▸ YOUR INSTRUCTIONS: Please write out the listing exactly, leaving each picture out.

▸ PROVIDED MATERIAL:
================

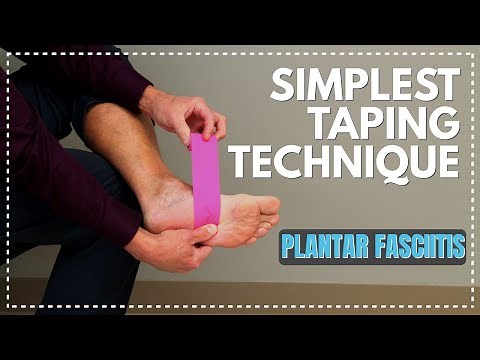 Simplest Taping Technique EVER for Plantar Fasciitis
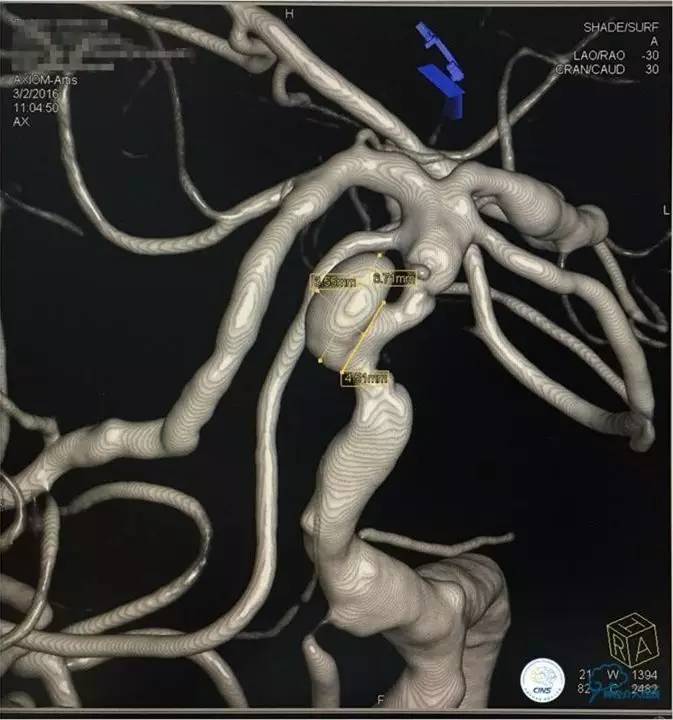 脑动脉瘤并颈动脉狭窄怎么治疗,脑动脉血管狭窄介入治疗效果好吗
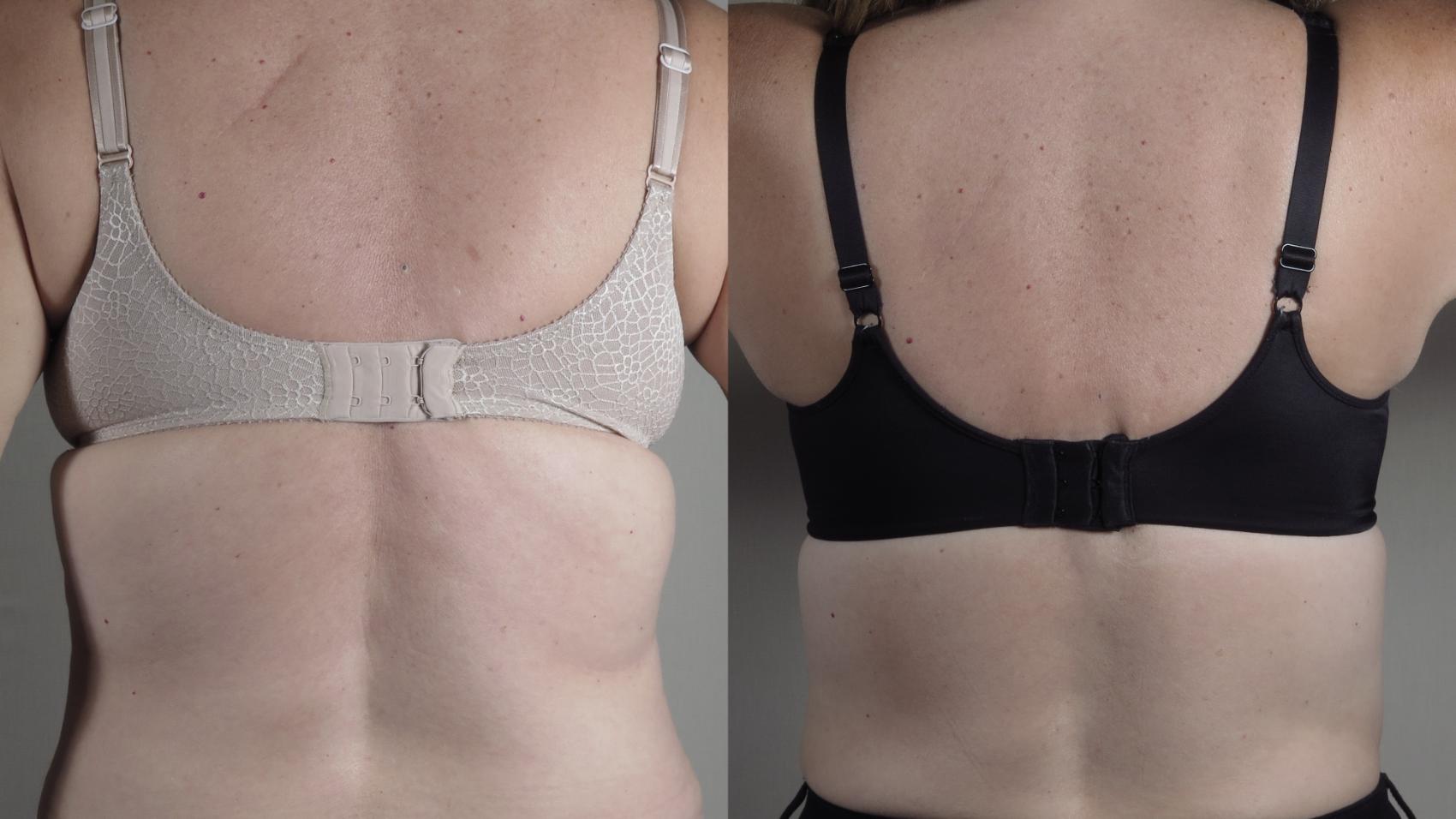 Bra Line Back Lift Case 1648 Before & After Front | Paramus, New Jersey | Parker Center for Plastic Surgery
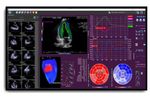 Medis Suite - Ultrasound Software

================

▸ RESPONSE AREA:
 Simplest Taping Technique EVER for Plantar Fasciitis
 脑动脉瘤并颈动脉狭窄怎么治疗,脑动脉血管狭窄介入治疗效果好吗
 Bra Line Back Lift Case 1648 Before & After Front | Paramus, New Jersey | Parker Center for Plastic Surgery
 Medis Suite - Ultrasound Software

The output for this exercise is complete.